[[ Supplied material, beginning ]]

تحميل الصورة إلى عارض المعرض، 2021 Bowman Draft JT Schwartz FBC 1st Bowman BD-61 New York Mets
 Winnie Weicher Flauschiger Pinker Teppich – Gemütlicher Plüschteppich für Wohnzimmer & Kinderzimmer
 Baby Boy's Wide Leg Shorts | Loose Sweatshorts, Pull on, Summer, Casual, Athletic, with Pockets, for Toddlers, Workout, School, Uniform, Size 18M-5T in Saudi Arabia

[[ Supplied material, end ]]

The answer should consist only of the lines from the line containing "Winnie Weicher Flauschiger" through the final line of the listing above, reproduced exactly.

 Winnie Weicher Flauschiger Pinker Teppich – Gemütlicher Plüschteppich für Wohnzimmer & Kinderzimmer
 Baby Boy's Wide Leg Shorts | Loose Sweatshorts, Pull on, Summer, Casual, Athletic, with Pockets, for Toddlers, Workout, School, Uniform, Size 18M-5T in Saudi Arabia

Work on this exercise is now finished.